コロナ禍において非接触が推進され、物理的な交流が厳しく制限される中、インターネット上で利用できる「メタバース」は「現実世界を代替するコミュニケーションツール」として注目されるようになりました。
1992年にSF作家のニール・スティーブンソン氏による小説「Snow Crash」で初めて「メタバース」という言葉が登場して以来少しずつ認知が広がっていましたが、2021年にFacebookが社名を「Meta」に変更したことをきっかけに、一気にその存在が広く知れ渡ったのです。
インターネット技術の拡張である「メタバース」のアクセスポイントには、AR(拡張現実)、VR(仮想現実)、MR(複合現実)などの仮想世界技術に加え、スマートフォンやPCなども含まれます。
以下ではメタバースのメリットや世の中での捉えられ方、今後の展望や市場規模など、より詳しい内容についてご説明します。

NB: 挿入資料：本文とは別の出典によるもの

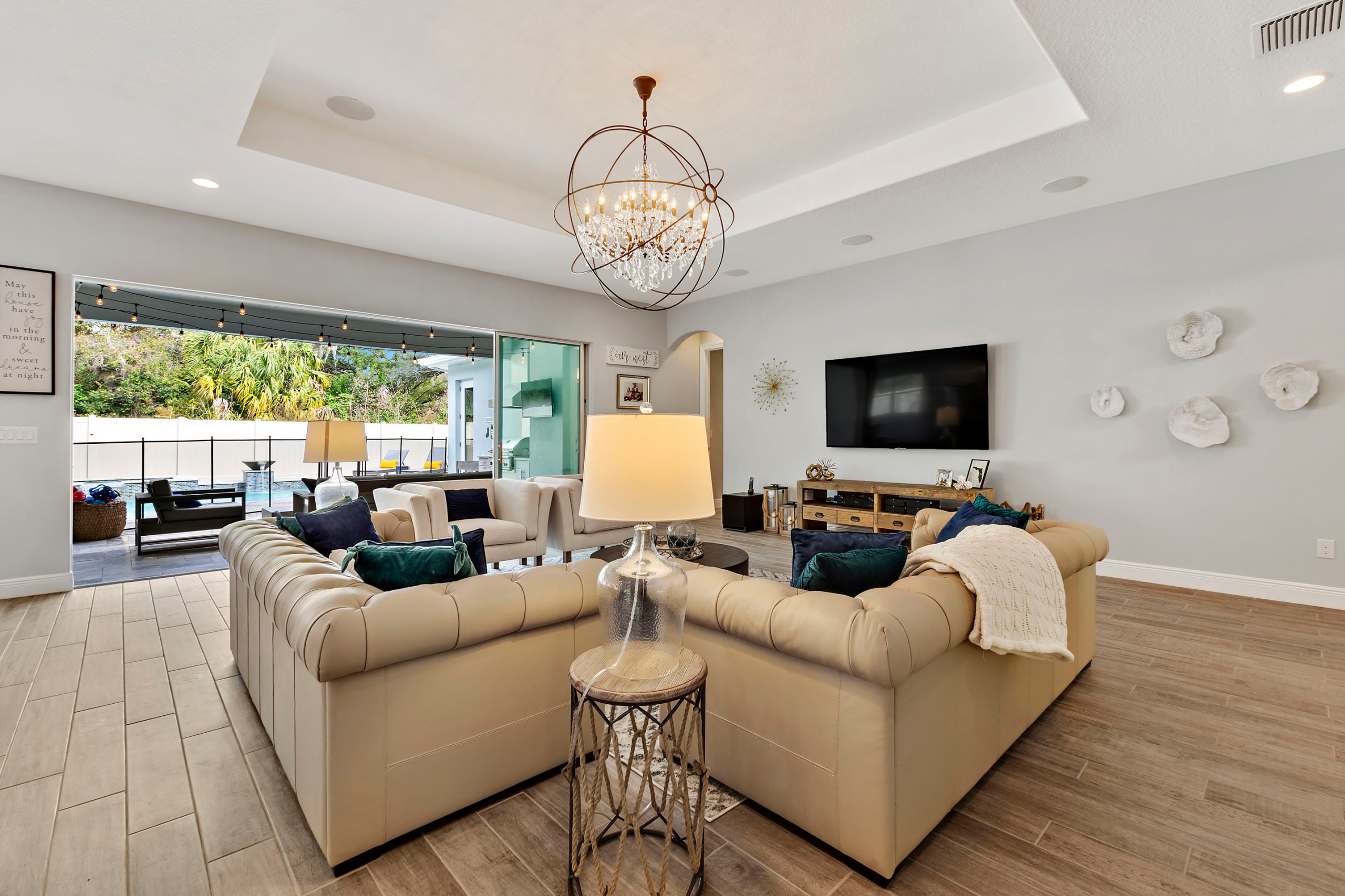 coastal chic dream home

非常に注目を集めている「メタバース」ですが、利用することで何を実現できるのか、そしてそこにはどんなメリットがあるのでしょうか。主な3つのメリットをご紹介します。
メタバース上で構築された仮想空間は、国や地域を問わず、あらゆる垣根をこえた交流を実現できる点が大きなメリットです。国・地域における環境・経済・政治などの制限を受けず、世界中のユーザー誰とでも自由につながりを持つことができるため、より活発なコミュニケーションが期待できます。

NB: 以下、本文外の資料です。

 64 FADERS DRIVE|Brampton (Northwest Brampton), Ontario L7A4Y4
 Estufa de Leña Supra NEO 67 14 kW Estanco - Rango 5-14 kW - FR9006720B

仮想空間であるメタバースは、現実世界における制約を受けることなく、普段は体験できないような非現実的・非日常的な体験を実現することが可能です。仮想空間のため物理的にも自由がきくほか、様々な演出を行えるという特長があるため、臨場感・没入感・リアリティのある体験をユーザーに楽しんでもらうことができます。
メタバースを利用することにより、新規ビジネスを実現することができます。例えば、メタバース上で利用できるコンテンツ販売など、新しい空間におけるビジネスチャンスをものにできれば、これまでにないビジネスを開発し、新しい価値を創出することが可能です。
「メタバース」というと、基本的にVRヘッドセットを装着するイメージがあるかも知れませんが、全ての企業がVRヘッドセットを装着するメタバースに賛同しているわけではなく、今も様々な議論がされています。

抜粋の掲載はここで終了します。